> **What the exercise asks**
Leave out the pictures and set down the rest of the listing below word for word.

> **Dataset excerpt**

/---

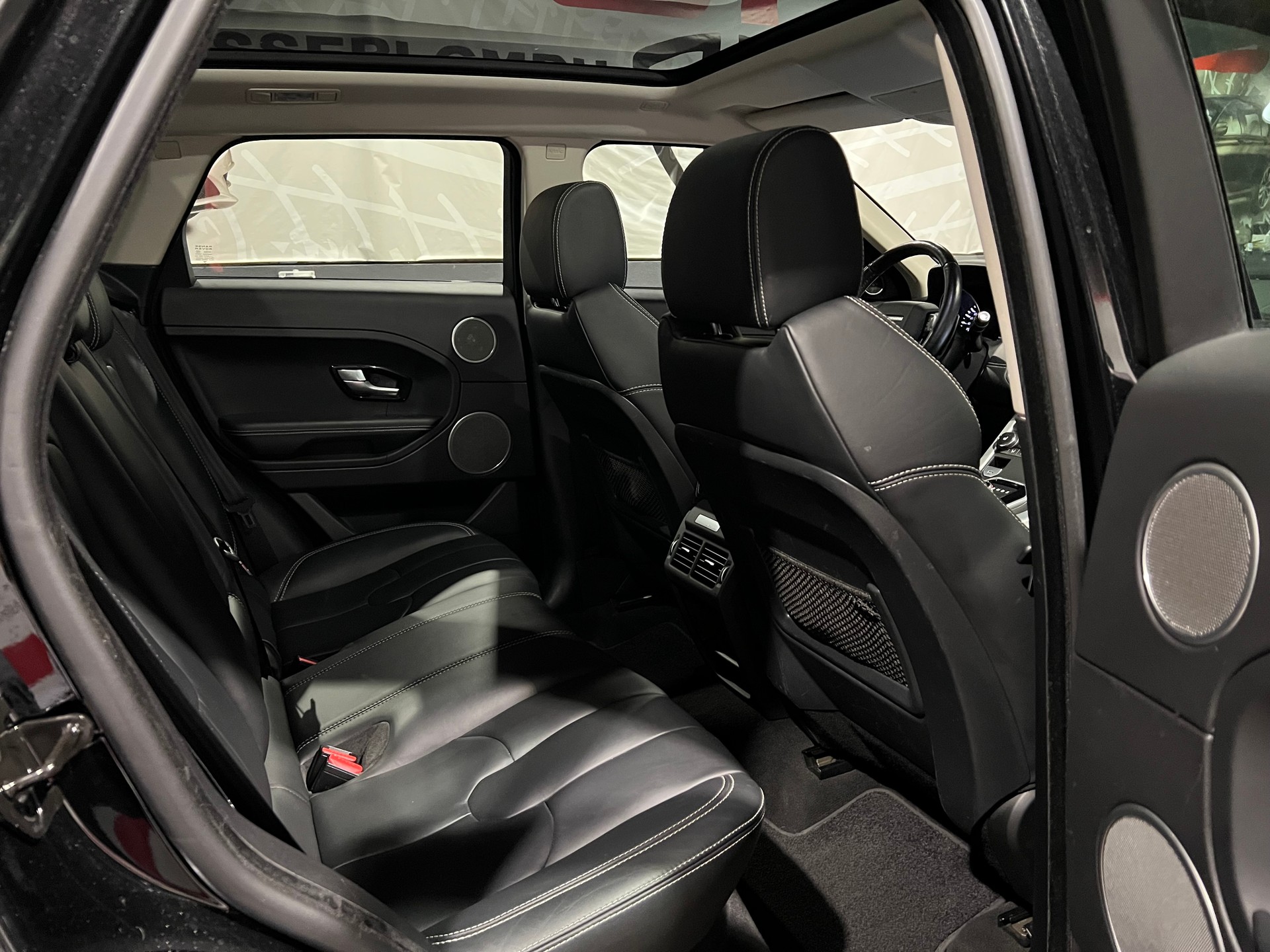 LAND ROVER Range Rover Evoque 2.2 SD4 Prestige AT9-image-14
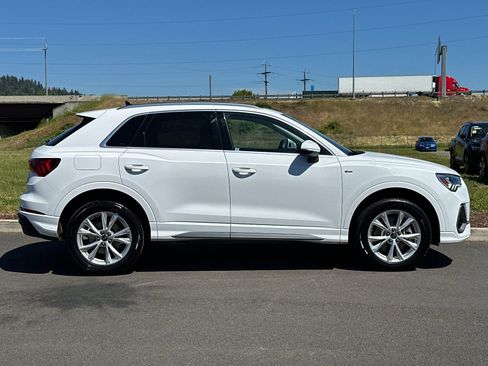 Used 2025 Audi Q3 2.0T Premium AWD/4WD image 2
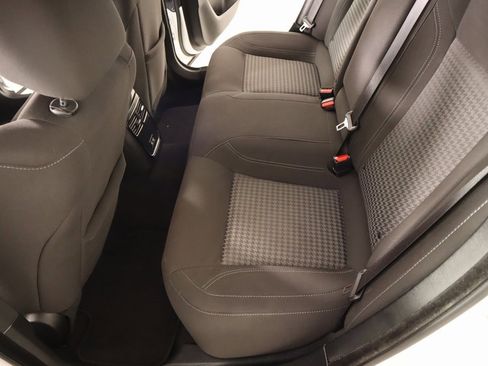 Used 2023 Dodge Charger SXT w/ Blacktop Package image 11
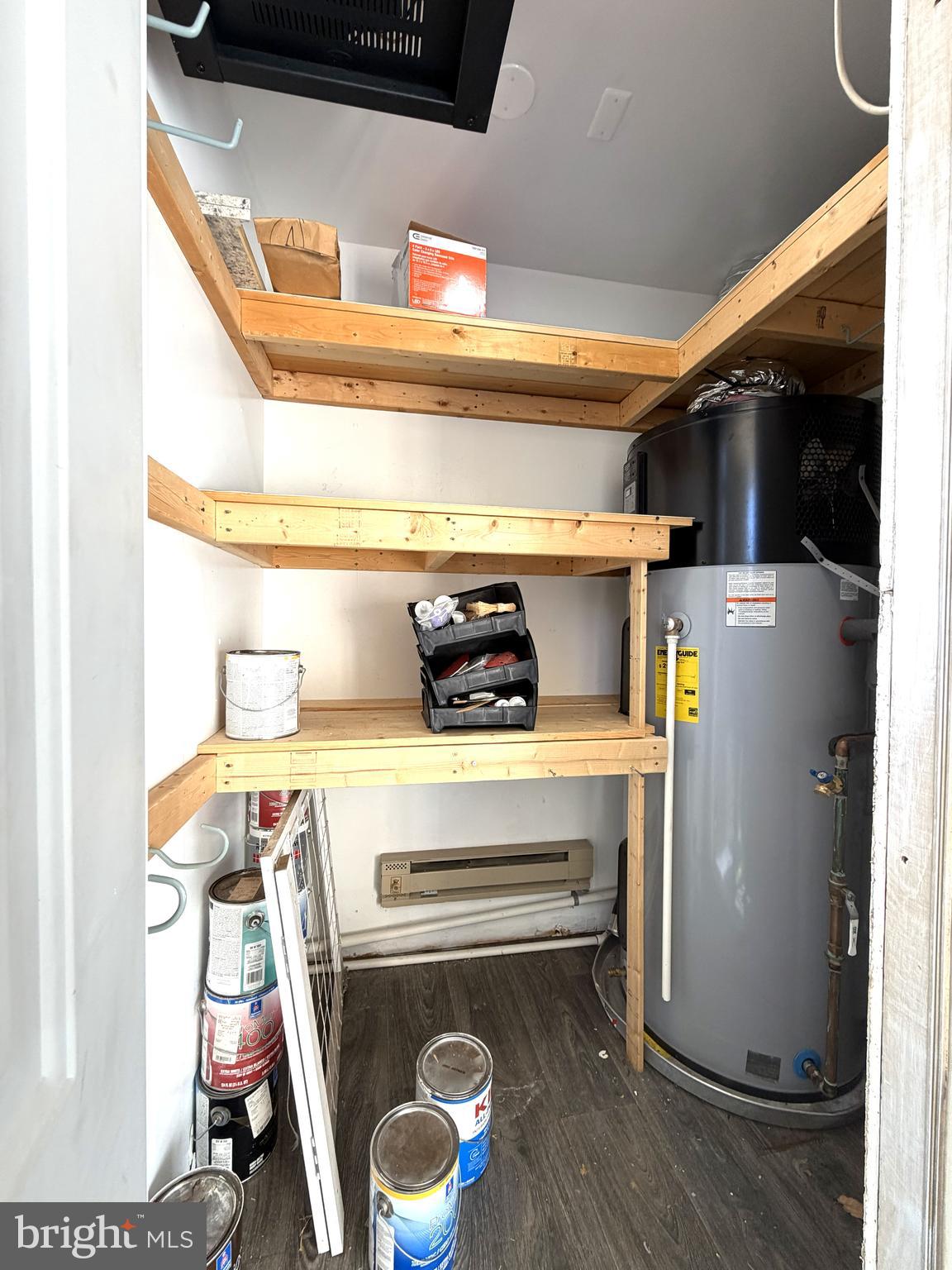 TREVOR HOUSE - Residential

\---

> **Task solution**
 LAND ROVER Range Rover Evoque 2.2 SD4 Prestige AT9-image-14
 Used 2025 Audi Q3 2.0T Premium AWD/4WD image 2
 Used 2023 Dodge Charger SXT w/ Blacktop Package image 11
 TREVOR HOUSE - Residential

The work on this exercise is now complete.